Ang, I'm sorry! At times like this I know how helpless you must feel. We are earnestly praying for you all.

Melanie said...

I'm sorry Ang. We're praying for you.

Margaret said...

Angie, this is so hard to know that you all are so worried and frightened. We are praying for you and your Dad and Mom every day.

Sue said...

Angie, I wish I had the perfect words to encourage you but they seem so empty. I love you and am praying for you.

Sue said...

I just noticed that you wrote that post two days ago. We got through Saturday and Sunday. We did OK. You actually did amazing. I loved watching the little looks between you and your Dad. Then you would both laugh because you didn't words to understand each other. I guess we'll just do this one day at a time.

Unknown said...

Oh Ang, I'm so sorry. Your words make me feel and understand how lost you must feel. I love you guys, and I wish I could be there to help in some way. Virtual hugs will have to do for now. Praying for you all.

Carol said...

We are saying prayers for you and your family. Wishing at times like this that we weren't so far away.

Unknown said...

Angie, I was just checking here, and I'm wondering how you are doing. I'm not sure if you've looked at your sister's blog lately, but I posted a Bible verse there that I find comforting and am clinging to whenever I feel sad and scared. I hope it will help you, too, at least a little bit.

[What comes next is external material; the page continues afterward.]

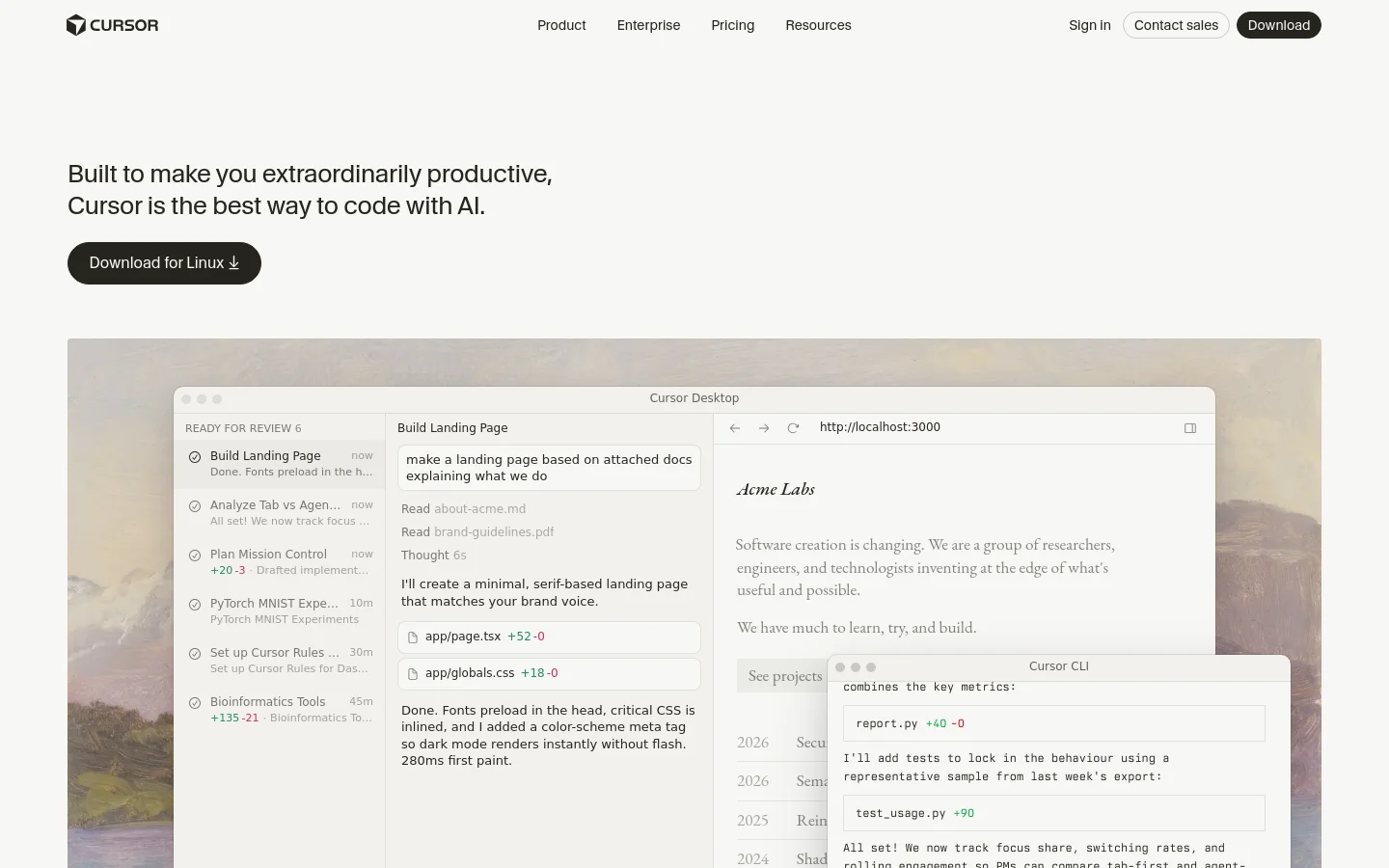 The desktop homepage features a minimalist white background with a large headline reading 'Built to make you extraordinarily productive, Cursor is the best way to code with AI.' A dark 'Download for Linux' button sits below the text, and a large hero image displays a code editor interface showing file lists and code snippets. The navigation bar at the top includes links for Product, Enterprise, Pricing, and Resources, alongside 'Sign in' and 'Download' buttons.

Then shall your light break forth like the dawn,
and your healing shall spring up speedily;
your righteousness shall go before you;
the glory of the Lord shall be your rear guard.
- Isaiah 58:8

Anonymous said...

I just wanted to let you know that I'm praying for you a lot. For some reason that I don't understand, whenever I pray for your dad, even though I know this situation is so hard on your whole family, I pray for you especially. I feel like God has put you on my heart, and I wanted to let you know. I pray that you feel his love in this very difficult time. Love you Ang.